RECORDS FOR THIS EXERCISE:

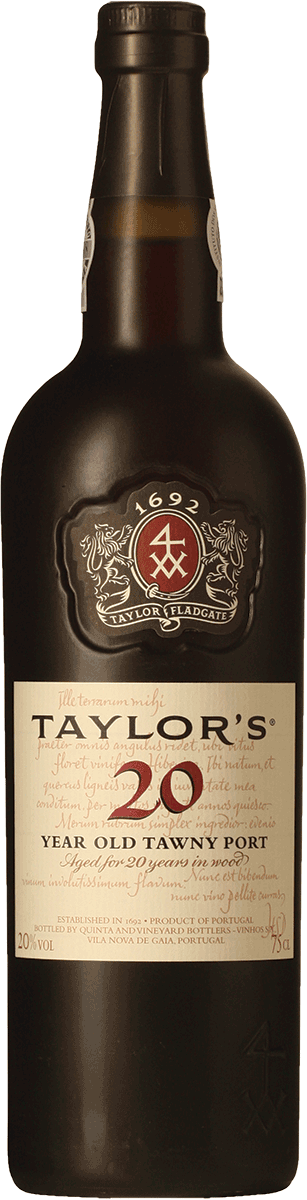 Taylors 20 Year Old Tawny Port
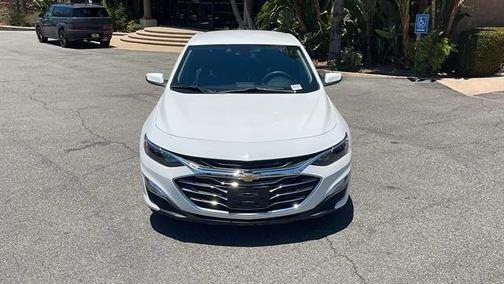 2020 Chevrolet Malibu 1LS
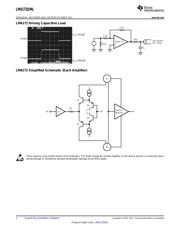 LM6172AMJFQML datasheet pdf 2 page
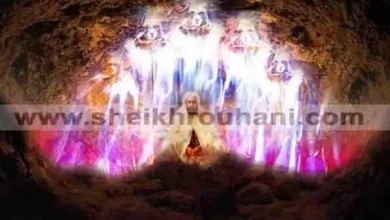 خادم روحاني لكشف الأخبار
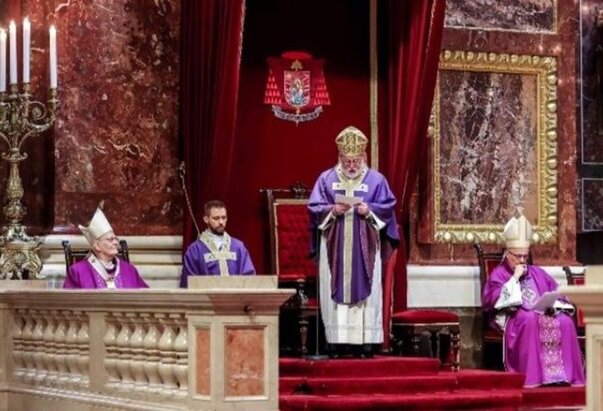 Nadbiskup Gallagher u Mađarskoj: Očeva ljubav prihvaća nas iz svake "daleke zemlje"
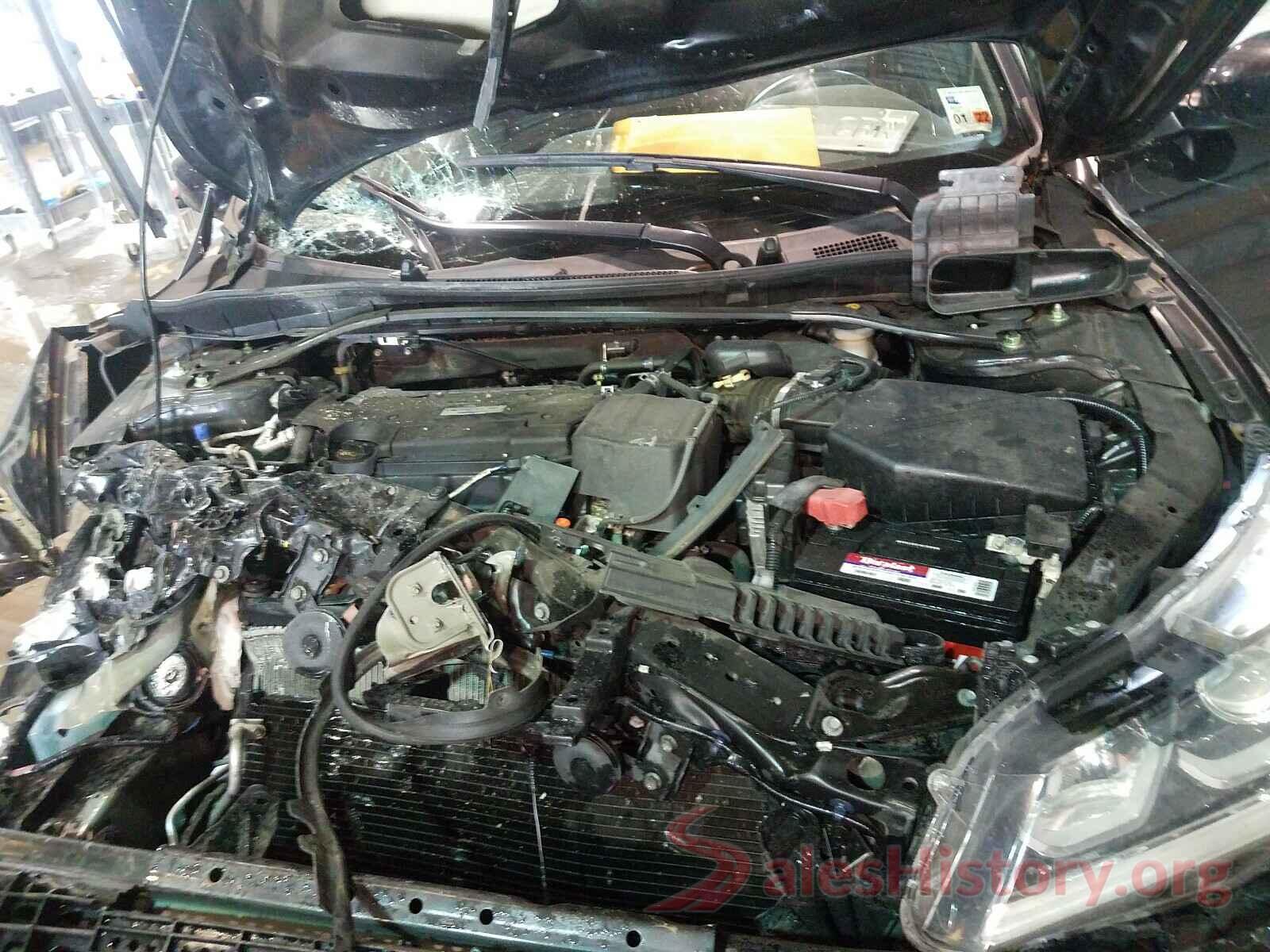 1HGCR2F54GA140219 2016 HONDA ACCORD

...

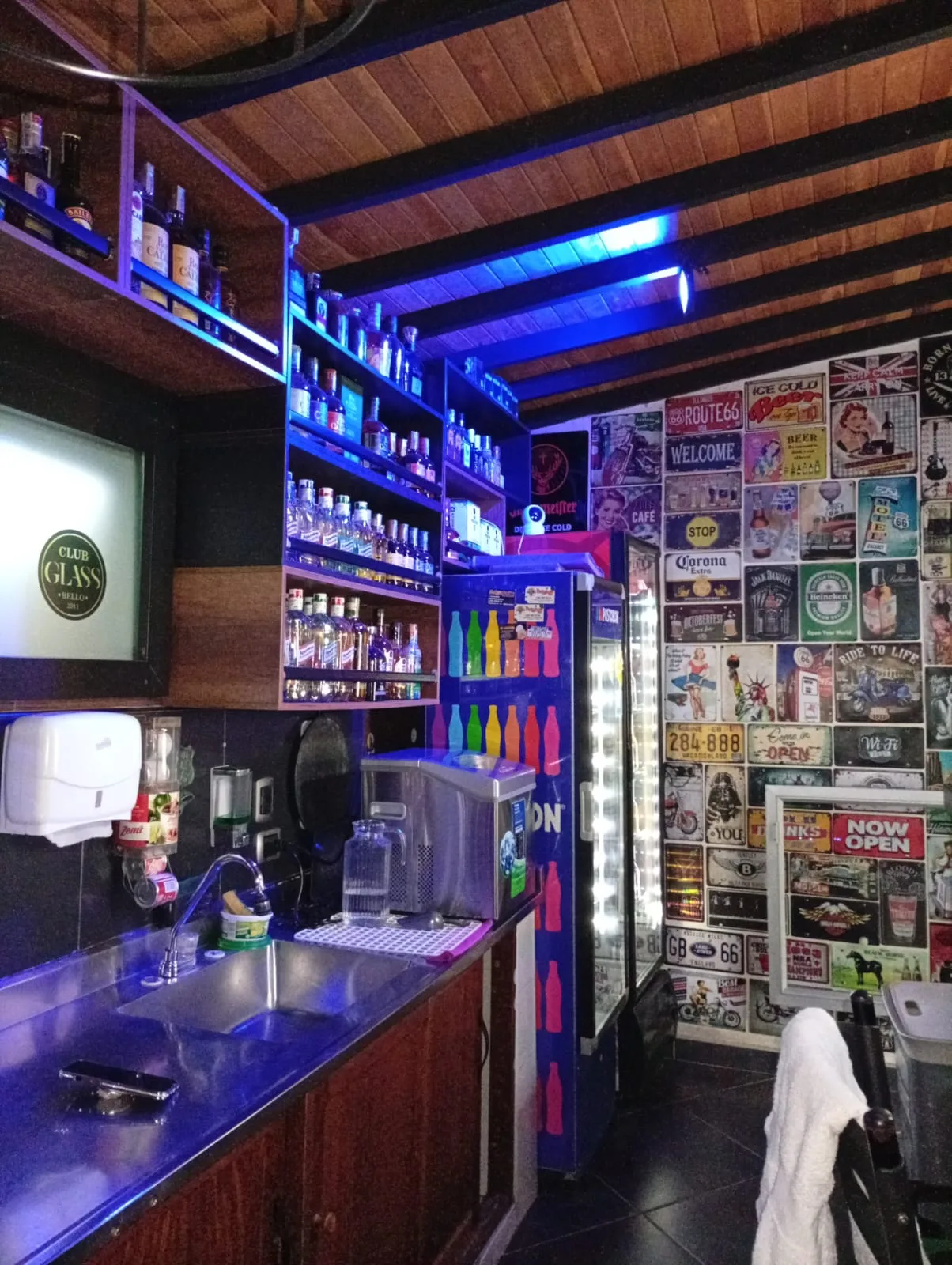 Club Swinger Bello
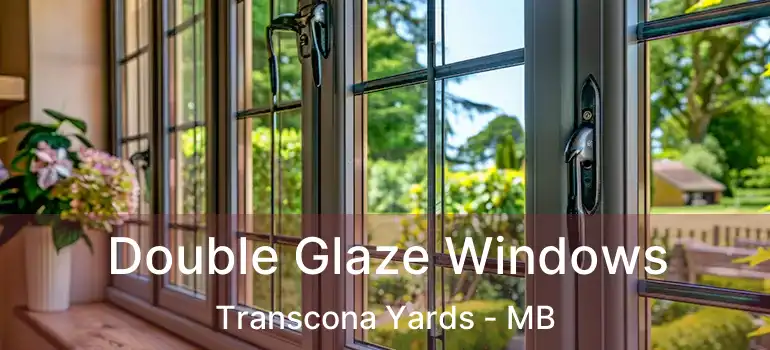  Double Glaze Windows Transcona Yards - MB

WORK TASK:
Reproduce the data above exactly, but only the lines from the one showing "Taylors 20 Year Old Tawny Port" through the one showing "1HGCR2F54GA140219 2016 HONDA ACCORD", with both ends kept and the pictures left out.

EXERCISE RESULT:
 Taylors 20 Year Old Tawny Port
 2020 Chevrolet Malibu 1LS
 LM6172AMJFQML datasheet pdf 2 page
 خادم روحاني لكشف الأخبار
 Nadbiskup Gallagher u Mađarskoj: Očeva ljubav prihvaća nas iz svake "daleke zemlje"
 1HGCR2F54GA140219 2016 HONDA ACCORD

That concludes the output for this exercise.